Recherche
Chroniques
Camille Saint-Saëns
duos pour piano et cordes
En cette année marquant le centenaire de sa disparition, Camille Saint-Saëns (1835-1921) est salué par Ad Vitam via un trio de CD qui regroupe ses duos pour piano et cordes. L’initiative est pertinente car le globe-trotter parisien est plus souvent à l’affiche pour une poignée d’opéras que pour un répertoire approchant les six cents opus. Ce dernier est donc injustement oubliés, selon l’avis de Laurent Wagschal [lire nos chroniques des CD Emmanuel et Szymanowski], pianiste à l’origine de l’ensemble Le Déluge (fondé en 2019) ici présent, qui souhaite nuancer l’image d’un compositeur conservateur et académique : « acteur essentiel du renouveau de l’école française au XIXe siècle, Saint-Saëns ouvre la voie à toute une génération de musiciens français, en premier lieu Gabriel Fauré, qui fut son élève et qui va accorder lui aussi dans son œuvre une place très importante à la musique de chambre. On retrouve dans ces œuvres toutes les spécificités de son écriture : notamment cette quête permanente de perfection de la forme qui a toujours été la sienne, ainsi que la qualité de la ligne mélodique. Saint-Saëns est en effet un mélodiste-né, il est véritablement un esthète qui recherche constamment la pureté et la beauté des lignes ».
Le programme propose onze pièces pour violoncelle. Si entre deux et cinq mouvements structurent la Suite Op.16, les Sonate n°1 Op.32, Sonate n°2 Op.123 et Sonate n°3, la majorité d’entre elles sont brèves, n’excédant pas six minutes – Gavotte n°3 Op.16 bis, Romance Op.36, Allegro appassionato Op.43, Romance Op.51, Chant saphique Op.91, Prière Op.158 et Le Cygne, célèbre page extraite du Carnaval des animaux.

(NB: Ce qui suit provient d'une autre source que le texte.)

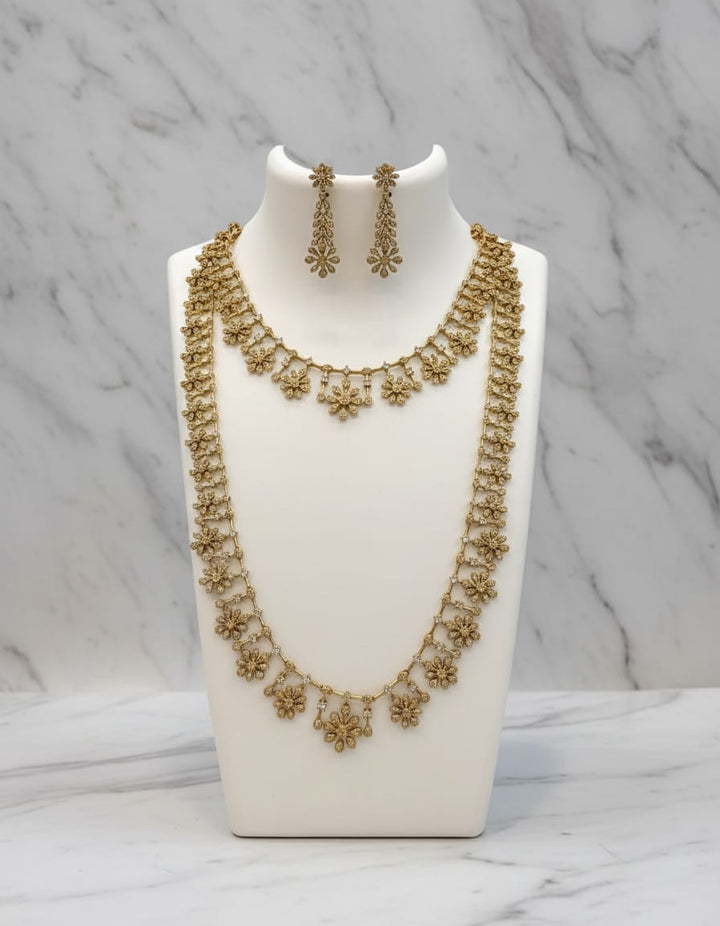 Gold Finish AD Stone Necklace and Haram Combo Set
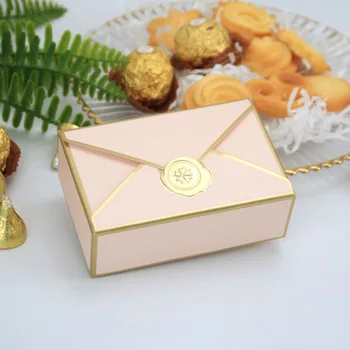 25pcs tuščią voką formos šokoladinių saldainių dėžės įdegio krašto vestuvių, gimtadienio dovanų dėžutėje džiaugtis pakuotės dėžutė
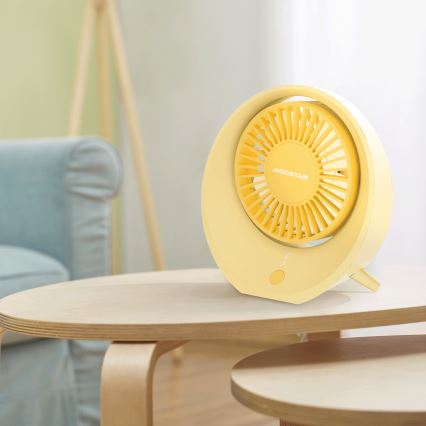 Aigostar - Uzlādējams galda ventilators 3W/5V 1200mAh USB oranža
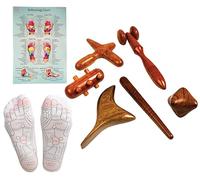 CCcollections Wood Therapy Massage Tools, Reflexology Wooden Stick Tool, Traditional Equipment for Relieving Muscle Pain Body Lymphatic Drainage Massager - (Set G (Socks))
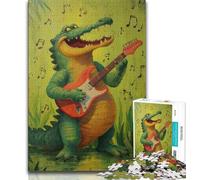 Puzzle da 1000 pezzi per adulti, regalo coccodrillo che suona la chitarra, aiuta il cervello a esercitare i giocattoli avvincenti per coltivare la pazienza, regalo per compleanni 50x75cm
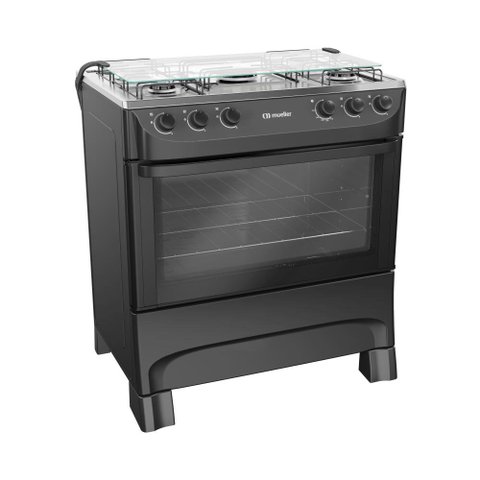 Fogão Mueller 5 Bocas Com Ultra Chama Preto Fosco - MFI5BA
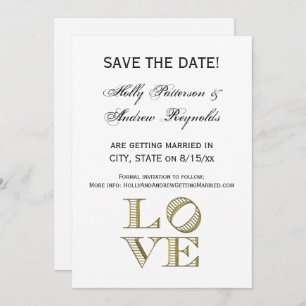 Invitation LOVE Graphic Text - Faux Gold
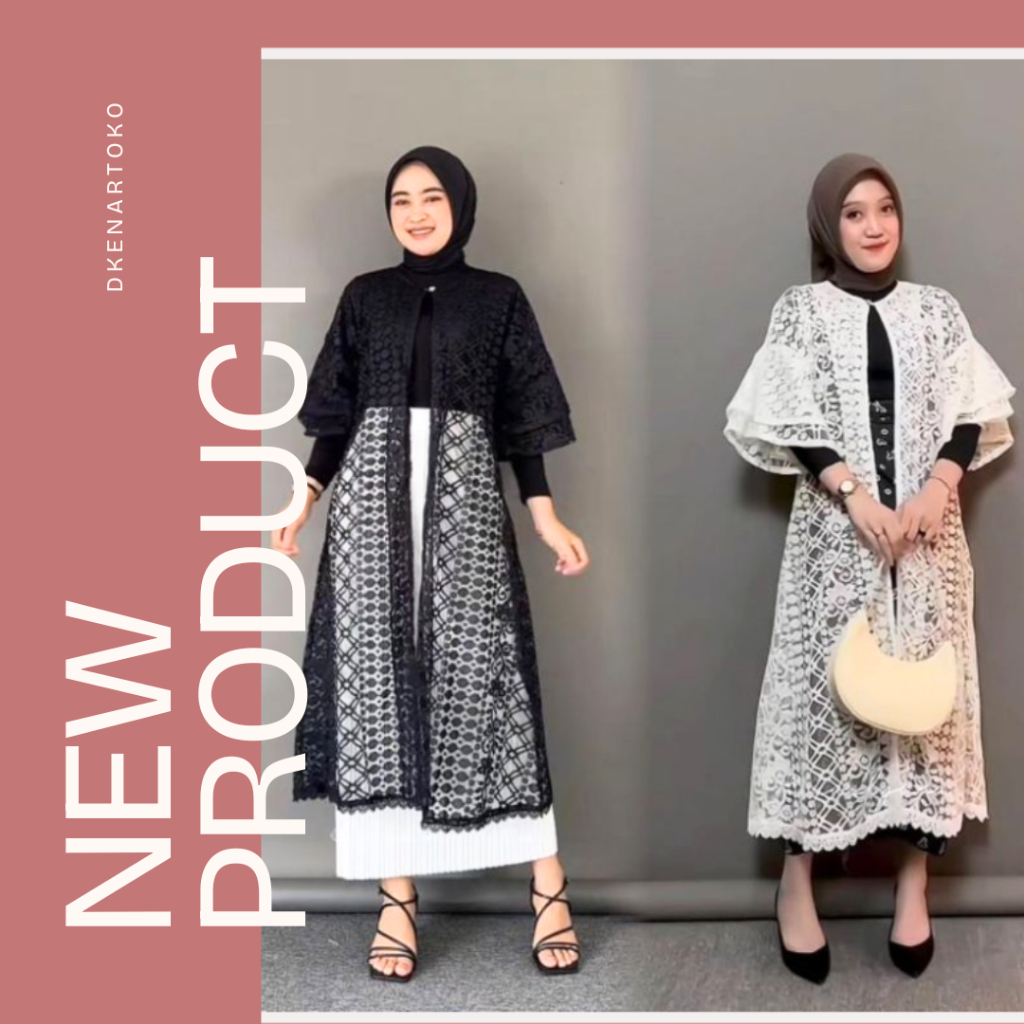 Orelle Outer Brukat - Cardigan Brokat Lengan Pendek|Brokat Lengan Pendek Ruffle atasan outher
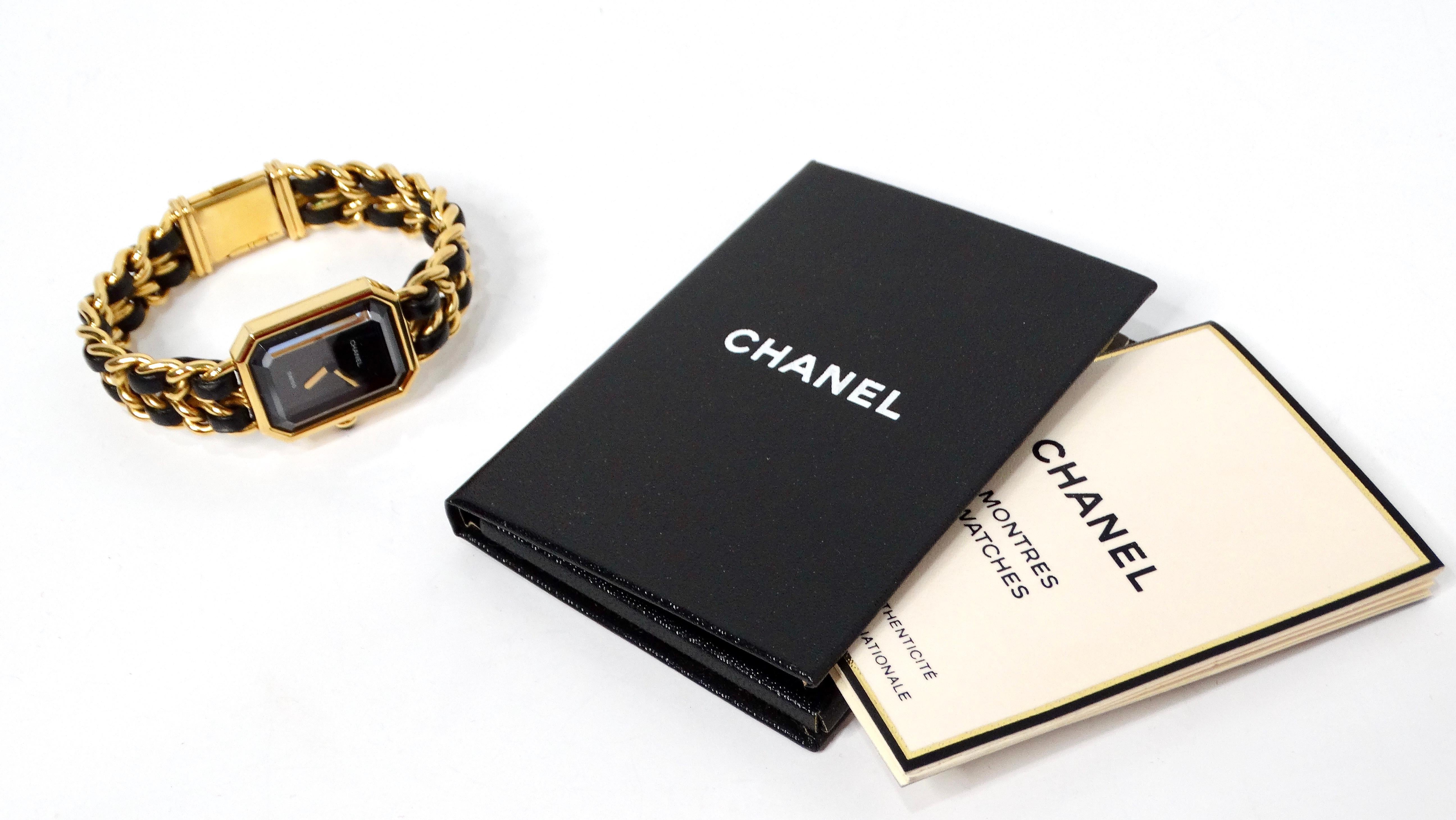 Chanel 1987 Premiere 20mm Rock Quartz & Gold-Plated Chain Wrist Watch For Sale 7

Déjà membre du trio Salzedo [lire notre chronique du 1er octobre 2019], la violoncelliste Pauline Bartissol a co-fondé Le Déluge.
Concernant la dizaine de morceaux pour piano et violon, l’équilibre se fait entre les cinq pièces brèves – Berceuse Op.38, Élégie Op.143, Prière Op.158, Élégie Op.160, Méditation et Air de la pendule – et les cinq plus longues, réunissant plusieurs mouvements – Prélude du Déluge Op.45, Sonate n°1 Op.75, Sarabande et Rigaudon Op.93, Sonate n°2 Op.102, ainsi que Triptyque Op.136. Trois violonistes s’en partagent l’interprétation : Pierre Fouchenneret [lire nos chroniques du 20 novembre 2011 et du 18 juillet 2012], Sébastien Surel [lire notre critique du CD Schubert] et Ayako Tanaka [lire nos critiques des CD Mendelssohn et Schönberg, ainsi que nos chroniques du 12 avril 2005, du 26 juillet 2010, du 16 octobre 2010 et du 8 juin 2019].
L’influence de Beethoven et Brahms se limite aux opus de jeunesse, et l’on sent chez Saint-Saëns une personnalité qui s’impose vite, avec des alliages fréquents qui pimentent l’élégance salonarde (berceuse animée, murmure militaire, etc.). En particulier, la nudité et l’introspection ne l’effrayent pas, mais il faut aussi reconnaître certains écarts dans la fadeur. Malgré ces quelques regrets, inévitables à l’écoute de toute intégrale de duos cordes-piano, félicitons les artistes investis dans ce projet marquant.